Seize fly-tipping vehicles call

New proposals on how to deal with fly-tipping have been put forward by the CLA.
New proposals on how to deal with fly-tipping have been put forward by the CLA.

Seizing vehicles must become the default penalty for fly-tipping as part of tougher punishments for waste crime.

New proposals on how to deal with fly-tipping have been put forward by the CLA at a time when there can be a surge of illegally dumped waste across rural Britain.

The organisation which represents landowners, farmers and rural businesses has launched a five-point action plan that it believes should be adopted to tackle the scourge of fly-tipping.

As well as seizing vehicles to act as a deterrent, the CLA recommends enforcing fines for home and business owners whose waste is found in fly-tipped locations and appointing a ‘Fly-Tipping Tsar’ to co-ordinate with national agencies on the scale of this organised crime. The plan also proposes developing new ways to clear up and support victims so that private landowners are not liable as well as educating the public on this anti-social behaviour.

Out of 936,000 fly-tipping incidents in 2015/2016 only 129 vehicles were seized, according to figures published by Defra.

CLA President Ross Murray said: “Fly-tipping is not a victimless crime.

“Private landowners are fed up of clearing away other people’s rubbish and paying for the privilege. If they don’t act, they risk prosecution for illegal storage of waste which is simply not fair.”

CLA Yorkshire Committee Member George Winn-Darley owns Aldby Park country estate at Buttercrambe, which suffers from multiple incidents of fly-tipping each year.

At the beginning of the year, George’s team spent a total of 46 hours, using a tractor and trailer to clear fly tipped rubbish and furniture along road verges, at a total cost of around £800.

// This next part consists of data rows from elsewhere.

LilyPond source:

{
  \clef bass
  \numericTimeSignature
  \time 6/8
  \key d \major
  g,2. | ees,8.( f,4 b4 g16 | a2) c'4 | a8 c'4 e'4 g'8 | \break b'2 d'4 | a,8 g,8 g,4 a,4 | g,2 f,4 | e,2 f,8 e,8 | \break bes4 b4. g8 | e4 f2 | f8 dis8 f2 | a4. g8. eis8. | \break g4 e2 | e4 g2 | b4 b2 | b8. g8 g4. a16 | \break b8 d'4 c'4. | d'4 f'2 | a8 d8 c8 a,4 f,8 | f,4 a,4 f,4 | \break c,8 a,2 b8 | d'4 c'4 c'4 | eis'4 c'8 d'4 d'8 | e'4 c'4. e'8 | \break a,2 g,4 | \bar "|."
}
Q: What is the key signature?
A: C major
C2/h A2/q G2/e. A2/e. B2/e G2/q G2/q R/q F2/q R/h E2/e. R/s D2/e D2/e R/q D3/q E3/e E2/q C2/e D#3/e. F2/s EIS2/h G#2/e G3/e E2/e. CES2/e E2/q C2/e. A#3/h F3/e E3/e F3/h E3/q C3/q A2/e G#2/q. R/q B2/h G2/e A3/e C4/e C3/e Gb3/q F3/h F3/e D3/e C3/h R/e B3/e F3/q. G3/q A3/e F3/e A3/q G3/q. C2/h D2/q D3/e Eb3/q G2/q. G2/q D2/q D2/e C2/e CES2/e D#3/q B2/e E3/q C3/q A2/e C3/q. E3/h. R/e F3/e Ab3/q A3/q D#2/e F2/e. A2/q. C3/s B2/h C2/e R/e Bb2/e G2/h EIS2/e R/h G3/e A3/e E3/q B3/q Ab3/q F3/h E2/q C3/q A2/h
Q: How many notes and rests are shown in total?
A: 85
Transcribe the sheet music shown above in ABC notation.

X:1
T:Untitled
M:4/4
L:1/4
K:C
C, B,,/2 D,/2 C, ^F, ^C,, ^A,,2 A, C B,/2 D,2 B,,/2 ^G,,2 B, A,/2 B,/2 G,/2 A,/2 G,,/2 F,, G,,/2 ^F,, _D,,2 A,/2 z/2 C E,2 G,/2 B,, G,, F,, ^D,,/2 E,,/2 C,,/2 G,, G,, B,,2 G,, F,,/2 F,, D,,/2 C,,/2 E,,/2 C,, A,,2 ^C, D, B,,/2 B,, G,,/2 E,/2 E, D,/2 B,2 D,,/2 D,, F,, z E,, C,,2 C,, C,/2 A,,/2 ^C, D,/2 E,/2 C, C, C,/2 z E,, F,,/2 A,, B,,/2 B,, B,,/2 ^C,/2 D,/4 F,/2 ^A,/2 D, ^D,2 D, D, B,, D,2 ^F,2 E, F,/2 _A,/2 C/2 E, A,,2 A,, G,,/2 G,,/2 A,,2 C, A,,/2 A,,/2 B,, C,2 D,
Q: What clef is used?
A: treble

Both Ryedale District and East Riding of Yorkshire councils regularly collect fly-tipped material from the roadside.

While supportive of these actions, George advocates a more proactive approach in tackling fly-tippers.

He said: “It would make sense for councils to avoid clearing up in the first instance by strategically placing CCTV cameras in fly-tipping hotspots, and to gain evidence that would lead to successful prosecutions.”